Whatever each film's individual merits (they're cult films, after all,
so they probably all have a loyal Internet worship shrine, somewhere)
only "Little Shop Of Horrors" has come close to nearing
"RHPS"s longevity, and that one, surprisingly, was produced
within the studio system, compromised ending and all.
The creators of "The American Astronaut" might resent
the "Rocky Horror" comparison, but let's face it: if you're
making a movie about a singing space cowboy who trades a cloned female
to workers on Jupiter for a princely young stud to be transported to
the all-female planet of Venus, you're not trying to compete with Kieslowski's
"The Decalogue".
Maybe it was because I didn't see it with its intended Midnight
Madness audience, maybe it was the mid afternoon screening time,
maybe it was because I was still shaken by Tuesday's tragedy in the
U.S., but for me, "The American Astronaut" just sat
there on the screen, creaking along from one arch moment to the next,
enlivened by the odd cheap special effect and/or cheeky song. As anyone
who's wasted too much money on Troma pick-ups knows, it's not
enough to have a funny title or wacky concept -- you still have to make
a movie, and that means interesting visuals, a reasonable pace, a payoff
to the story, and in the case of a musical comedy, some memorable tunes
and good-honest laughs for cryin' out loud. A character name like "The
Boy Who Actually Saw A Woman's Breast " elicits a chuckle the first
time you hear it, but the fifth? Or what's the point in having a ditty
called "The Girl With The Vagina Made Of Glass" if cowboy
Sam Curtis merely walks across the yard, lip-synching a few glib lyrics
while the extras just sit there? "The American Astronaut"
is what Rolling Stone's "Hot Issue" termed "medium funny".
|
Talk Back 
|
Visually, "The American Astronaut" resembles a tenth-generation
PAL-to-NTSC bootleg transfer of a faded workprint of an early Michael
Almereyda monochromatic Pixelvision short. The FX shots are cleverly
accomplished by moving storyboards, the few sets are sparse and as economical
as Robot Monster's bubble machine, but adequately convincing as a frontier
saloon and Buck Rogers-styled spaceship cockpit. I'd forgive the film's
drab and often downright unsightly images if they seemed to be a parody
of anything specific. What, exactly, is being spoofed here? Old Tom
Mix two-reelers? "Just Imagine"s dated futurism? 1920s German
Expressionism? The cast isn't bad, really, the actors just aren't given
anything particularly amusing to do or say. And to say that act three's
ending is too abrupt is to assume that the screenplay (incredibly, developed
at the Sundance Institute!) had any sort of structure to begin with.
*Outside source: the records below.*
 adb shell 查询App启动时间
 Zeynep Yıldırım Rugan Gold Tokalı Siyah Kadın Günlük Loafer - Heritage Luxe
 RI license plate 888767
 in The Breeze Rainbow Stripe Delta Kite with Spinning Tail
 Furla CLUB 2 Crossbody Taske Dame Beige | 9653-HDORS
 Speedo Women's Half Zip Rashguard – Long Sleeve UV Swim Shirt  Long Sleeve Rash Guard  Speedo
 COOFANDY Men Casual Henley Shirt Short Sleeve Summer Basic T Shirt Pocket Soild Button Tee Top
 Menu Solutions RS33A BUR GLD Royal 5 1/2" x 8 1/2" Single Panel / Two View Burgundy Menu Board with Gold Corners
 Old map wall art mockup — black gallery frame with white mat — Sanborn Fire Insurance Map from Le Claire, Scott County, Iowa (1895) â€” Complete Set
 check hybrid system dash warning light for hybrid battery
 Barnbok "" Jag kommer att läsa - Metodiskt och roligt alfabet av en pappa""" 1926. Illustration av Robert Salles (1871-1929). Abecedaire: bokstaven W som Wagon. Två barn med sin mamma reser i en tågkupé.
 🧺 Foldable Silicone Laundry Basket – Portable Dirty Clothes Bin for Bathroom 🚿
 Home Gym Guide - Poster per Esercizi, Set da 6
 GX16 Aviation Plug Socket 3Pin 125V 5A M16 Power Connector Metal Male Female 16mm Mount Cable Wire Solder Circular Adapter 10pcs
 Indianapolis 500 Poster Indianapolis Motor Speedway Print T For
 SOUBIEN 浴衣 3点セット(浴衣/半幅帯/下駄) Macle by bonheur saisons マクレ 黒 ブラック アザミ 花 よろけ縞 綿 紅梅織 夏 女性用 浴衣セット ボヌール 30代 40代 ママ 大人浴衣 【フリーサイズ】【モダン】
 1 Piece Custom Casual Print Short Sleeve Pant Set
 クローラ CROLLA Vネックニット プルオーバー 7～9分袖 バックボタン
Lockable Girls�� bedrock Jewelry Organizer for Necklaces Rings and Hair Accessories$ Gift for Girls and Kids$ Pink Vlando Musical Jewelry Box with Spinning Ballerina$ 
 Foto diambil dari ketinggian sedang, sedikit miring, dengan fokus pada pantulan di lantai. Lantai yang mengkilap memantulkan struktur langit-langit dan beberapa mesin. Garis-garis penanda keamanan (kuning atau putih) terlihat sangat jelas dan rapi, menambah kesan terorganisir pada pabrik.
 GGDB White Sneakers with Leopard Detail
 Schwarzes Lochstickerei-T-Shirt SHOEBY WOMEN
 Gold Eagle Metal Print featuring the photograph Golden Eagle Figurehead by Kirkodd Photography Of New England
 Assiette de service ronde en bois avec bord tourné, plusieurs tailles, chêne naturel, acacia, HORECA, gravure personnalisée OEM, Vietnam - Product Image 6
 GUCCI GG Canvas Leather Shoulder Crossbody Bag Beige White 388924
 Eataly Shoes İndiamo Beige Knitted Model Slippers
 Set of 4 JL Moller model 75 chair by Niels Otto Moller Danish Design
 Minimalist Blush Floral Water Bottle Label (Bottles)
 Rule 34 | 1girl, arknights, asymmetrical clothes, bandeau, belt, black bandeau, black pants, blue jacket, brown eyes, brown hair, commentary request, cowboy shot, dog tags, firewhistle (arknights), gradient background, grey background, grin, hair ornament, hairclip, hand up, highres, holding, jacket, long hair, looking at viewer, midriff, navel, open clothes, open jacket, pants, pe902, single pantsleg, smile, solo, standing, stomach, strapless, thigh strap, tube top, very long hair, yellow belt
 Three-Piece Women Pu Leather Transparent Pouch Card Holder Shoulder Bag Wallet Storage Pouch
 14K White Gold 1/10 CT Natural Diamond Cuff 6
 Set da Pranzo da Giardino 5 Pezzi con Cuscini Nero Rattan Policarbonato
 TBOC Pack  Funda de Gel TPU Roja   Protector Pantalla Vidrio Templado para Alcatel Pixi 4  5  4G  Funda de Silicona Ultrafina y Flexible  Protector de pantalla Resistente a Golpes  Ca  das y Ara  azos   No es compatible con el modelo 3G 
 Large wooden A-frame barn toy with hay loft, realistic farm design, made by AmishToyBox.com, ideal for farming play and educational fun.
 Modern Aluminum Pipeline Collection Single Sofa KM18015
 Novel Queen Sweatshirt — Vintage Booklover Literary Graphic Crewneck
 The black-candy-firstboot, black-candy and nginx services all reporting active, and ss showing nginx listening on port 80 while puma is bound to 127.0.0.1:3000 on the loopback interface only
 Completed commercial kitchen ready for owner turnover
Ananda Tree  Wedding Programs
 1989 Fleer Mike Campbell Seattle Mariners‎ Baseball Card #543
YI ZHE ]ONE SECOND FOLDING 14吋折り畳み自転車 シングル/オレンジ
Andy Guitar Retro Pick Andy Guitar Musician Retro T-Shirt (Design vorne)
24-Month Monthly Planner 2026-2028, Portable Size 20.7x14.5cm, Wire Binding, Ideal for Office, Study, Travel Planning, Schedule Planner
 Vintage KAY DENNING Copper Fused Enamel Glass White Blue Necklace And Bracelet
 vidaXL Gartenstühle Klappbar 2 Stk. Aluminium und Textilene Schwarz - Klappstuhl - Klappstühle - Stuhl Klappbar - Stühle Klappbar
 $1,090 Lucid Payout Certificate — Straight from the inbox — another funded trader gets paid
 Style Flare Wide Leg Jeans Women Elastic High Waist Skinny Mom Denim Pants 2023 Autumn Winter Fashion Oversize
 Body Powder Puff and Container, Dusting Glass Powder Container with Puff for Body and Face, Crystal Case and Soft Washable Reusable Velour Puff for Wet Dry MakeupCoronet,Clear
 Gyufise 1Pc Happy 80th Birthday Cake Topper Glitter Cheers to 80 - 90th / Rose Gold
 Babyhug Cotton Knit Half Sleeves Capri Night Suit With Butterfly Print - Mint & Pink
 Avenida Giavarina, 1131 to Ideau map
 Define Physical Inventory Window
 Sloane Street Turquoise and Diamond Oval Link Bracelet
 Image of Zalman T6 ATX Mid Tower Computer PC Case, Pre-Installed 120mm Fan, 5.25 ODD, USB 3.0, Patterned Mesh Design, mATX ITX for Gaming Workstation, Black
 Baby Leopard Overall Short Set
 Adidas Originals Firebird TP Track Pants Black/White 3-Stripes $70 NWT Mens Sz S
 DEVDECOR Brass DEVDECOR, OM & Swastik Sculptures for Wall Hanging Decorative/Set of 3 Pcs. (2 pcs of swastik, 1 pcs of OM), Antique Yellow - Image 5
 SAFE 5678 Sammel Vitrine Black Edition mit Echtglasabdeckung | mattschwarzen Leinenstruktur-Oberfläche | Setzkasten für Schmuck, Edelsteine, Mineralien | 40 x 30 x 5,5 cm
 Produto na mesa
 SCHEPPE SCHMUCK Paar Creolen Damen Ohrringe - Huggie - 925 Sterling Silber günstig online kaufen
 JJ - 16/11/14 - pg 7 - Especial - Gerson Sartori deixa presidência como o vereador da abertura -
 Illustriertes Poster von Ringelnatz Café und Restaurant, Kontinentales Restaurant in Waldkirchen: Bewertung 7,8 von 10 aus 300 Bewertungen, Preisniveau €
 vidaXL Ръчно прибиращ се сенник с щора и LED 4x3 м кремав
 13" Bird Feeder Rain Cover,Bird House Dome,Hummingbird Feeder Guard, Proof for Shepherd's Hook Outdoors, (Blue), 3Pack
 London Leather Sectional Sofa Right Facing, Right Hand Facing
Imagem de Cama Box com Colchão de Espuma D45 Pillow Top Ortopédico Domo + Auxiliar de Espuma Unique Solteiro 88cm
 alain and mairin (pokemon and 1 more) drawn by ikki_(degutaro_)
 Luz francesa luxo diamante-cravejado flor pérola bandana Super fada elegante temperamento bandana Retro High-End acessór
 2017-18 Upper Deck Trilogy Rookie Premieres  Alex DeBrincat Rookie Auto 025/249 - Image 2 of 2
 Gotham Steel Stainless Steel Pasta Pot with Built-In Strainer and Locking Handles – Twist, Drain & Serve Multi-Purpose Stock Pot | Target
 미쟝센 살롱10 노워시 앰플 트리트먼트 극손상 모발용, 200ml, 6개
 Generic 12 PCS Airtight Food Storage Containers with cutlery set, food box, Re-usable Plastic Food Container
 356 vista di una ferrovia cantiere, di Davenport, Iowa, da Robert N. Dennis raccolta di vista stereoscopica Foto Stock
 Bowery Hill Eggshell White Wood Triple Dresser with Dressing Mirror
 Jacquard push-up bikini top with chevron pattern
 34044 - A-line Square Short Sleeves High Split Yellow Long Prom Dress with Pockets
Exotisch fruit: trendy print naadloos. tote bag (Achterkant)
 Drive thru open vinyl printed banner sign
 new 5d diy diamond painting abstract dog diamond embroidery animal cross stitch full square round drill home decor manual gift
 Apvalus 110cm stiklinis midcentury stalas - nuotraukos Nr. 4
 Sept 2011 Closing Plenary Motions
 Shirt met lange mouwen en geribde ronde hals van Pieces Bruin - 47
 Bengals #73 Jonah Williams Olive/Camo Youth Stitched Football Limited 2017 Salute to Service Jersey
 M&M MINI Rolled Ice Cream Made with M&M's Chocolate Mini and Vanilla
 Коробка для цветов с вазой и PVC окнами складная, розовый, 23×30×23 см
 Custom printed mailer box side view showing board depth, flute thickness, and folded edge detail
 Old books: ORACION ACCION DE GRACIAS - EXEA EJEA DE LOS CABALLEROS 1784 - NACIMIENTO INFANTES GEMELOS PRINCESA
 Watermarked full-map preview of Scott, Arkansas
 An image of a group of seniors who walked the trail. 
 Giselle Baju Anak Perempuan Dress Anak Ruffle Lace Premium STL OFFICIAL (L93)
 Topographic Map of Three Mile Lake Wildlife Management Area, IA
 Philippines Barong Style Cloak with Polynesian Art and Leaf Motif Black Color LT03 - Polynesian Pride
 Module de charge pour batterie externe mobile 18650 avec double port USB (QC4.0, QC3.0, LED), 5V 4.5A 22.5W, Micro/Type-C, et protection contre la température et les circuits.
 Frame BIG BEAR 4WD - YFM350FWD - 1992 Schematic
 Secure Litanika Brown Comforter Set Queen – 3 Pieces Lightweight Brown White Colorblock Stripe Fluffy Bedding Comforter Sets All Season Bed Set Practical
A Programmer stated in the intro that writer/director Cory McAbee
(who also fronts the band responsible for the song score) regarded his
film as living record, and hoped that people would revisit it as they
would a favorite album. But if the songs aren't any good, why would
they bother? I'll give the film a bare pass for effort and enthusiasm,
but next time, I hope McAbee and company bring in a ghost writer. Or
sell "The American Astronaut" to the stage, where, in 20 years
time, someone might give the promising concept the execution it deserves.